* _Extracted records_

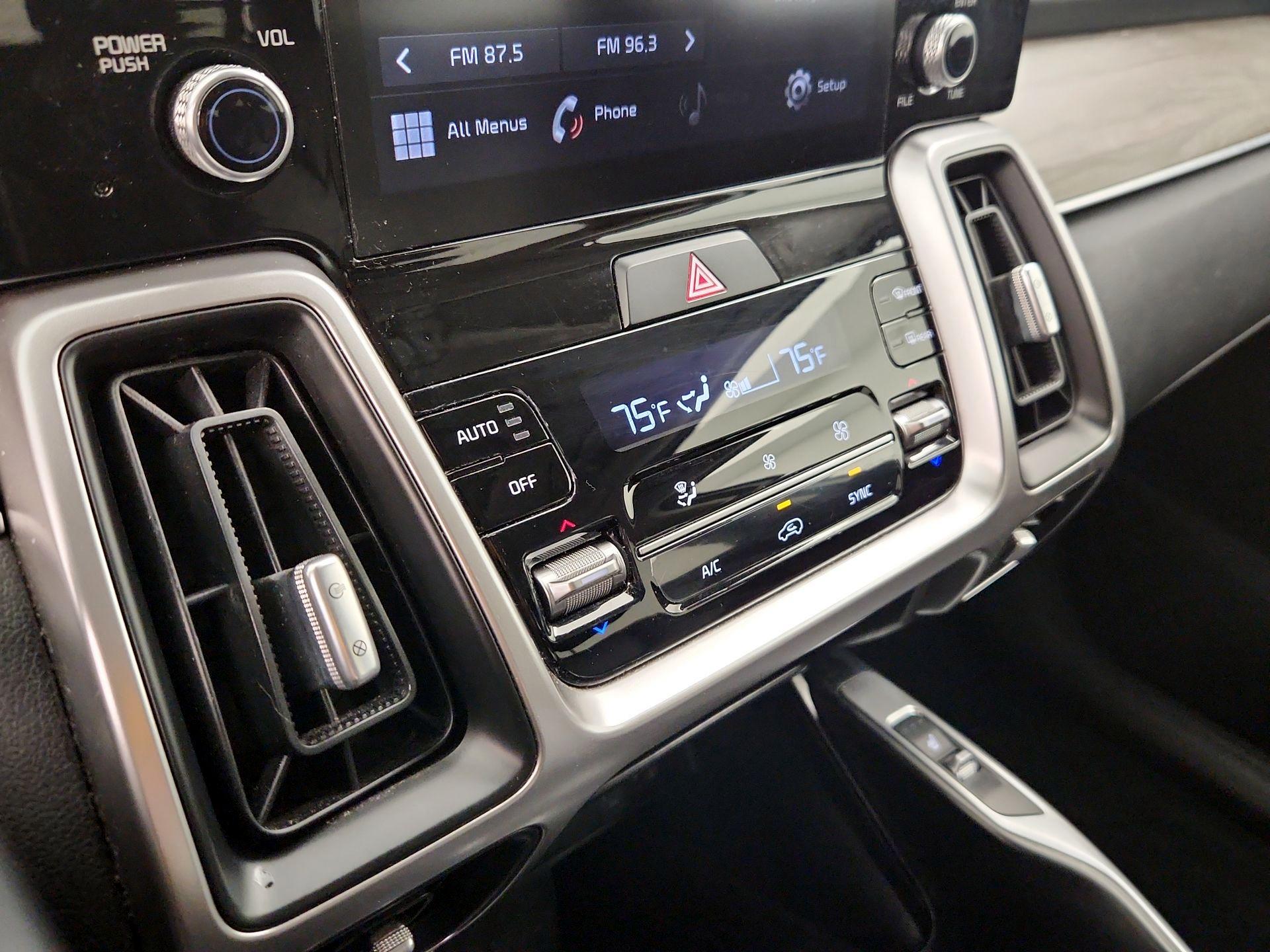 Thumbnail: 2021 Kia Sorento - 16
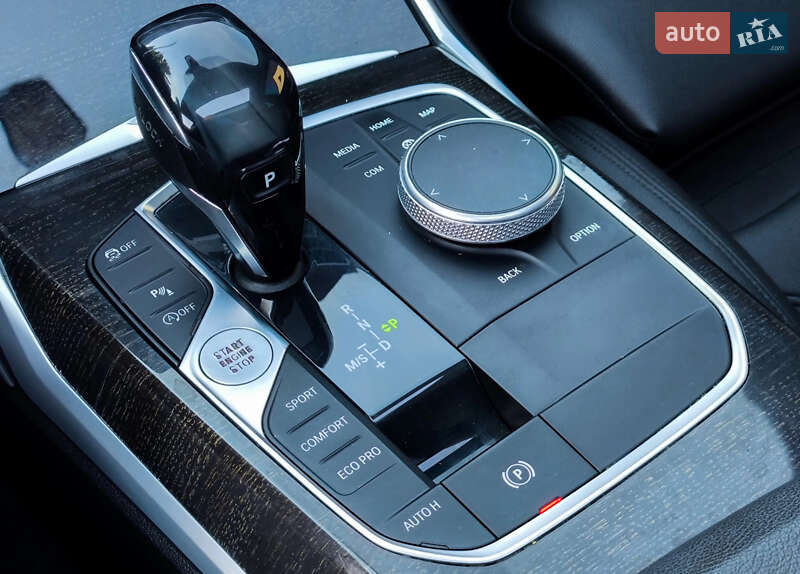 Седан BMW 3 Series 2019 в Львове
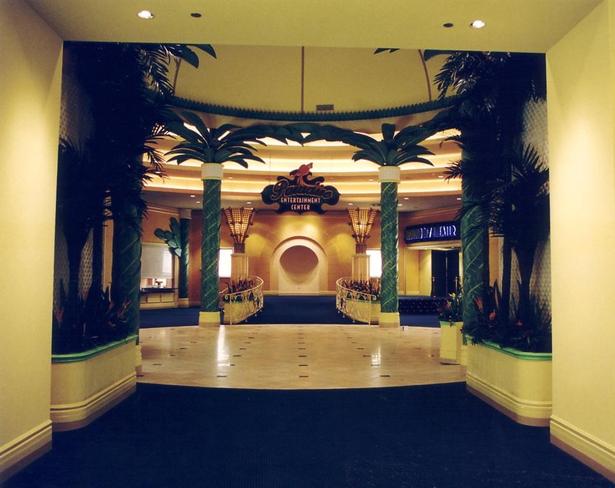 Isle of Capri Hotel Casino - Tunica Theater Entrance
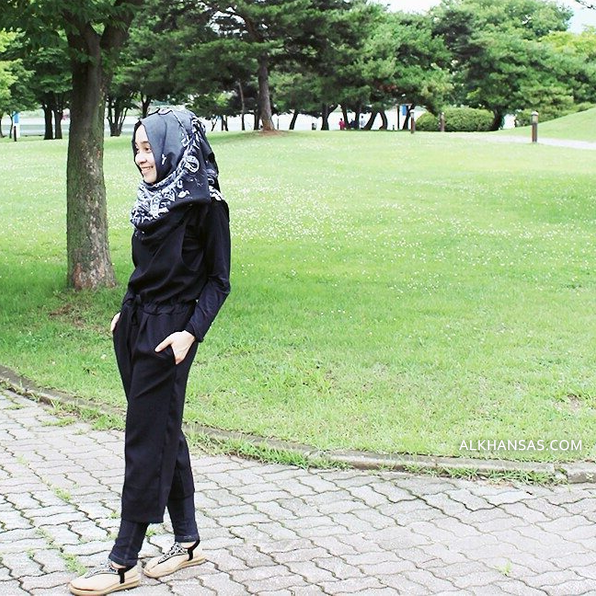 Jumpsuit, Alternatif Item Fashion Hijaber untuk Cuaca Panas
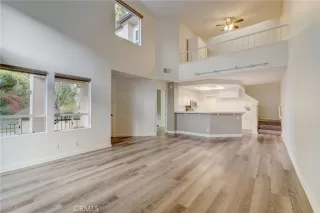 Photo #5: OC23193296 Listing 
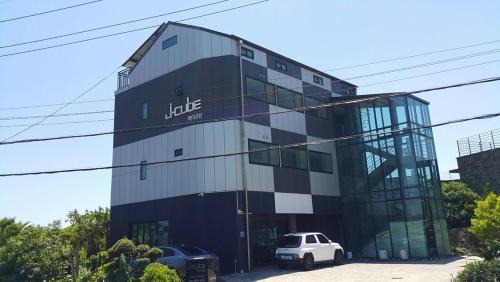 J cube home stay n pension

* _Goal of the exercise_
Starting at the line that contains "Седан BMW 3 Series 2019 в Львове", please write out every line to the end of the entries, inclusive, copied exactly and with pictures omitted.

* _Solved problem_
 Седан BMW 3 Series 2019 в Львове
 Isle of Capri Hotel Casino - Tunica Theater Entrance
 Jumpsuit, Alternatif Item Fashion Hijaber untuk Cuaca Panas
 Photo #5: OC23193296 Listing 
 J cube home stay n pension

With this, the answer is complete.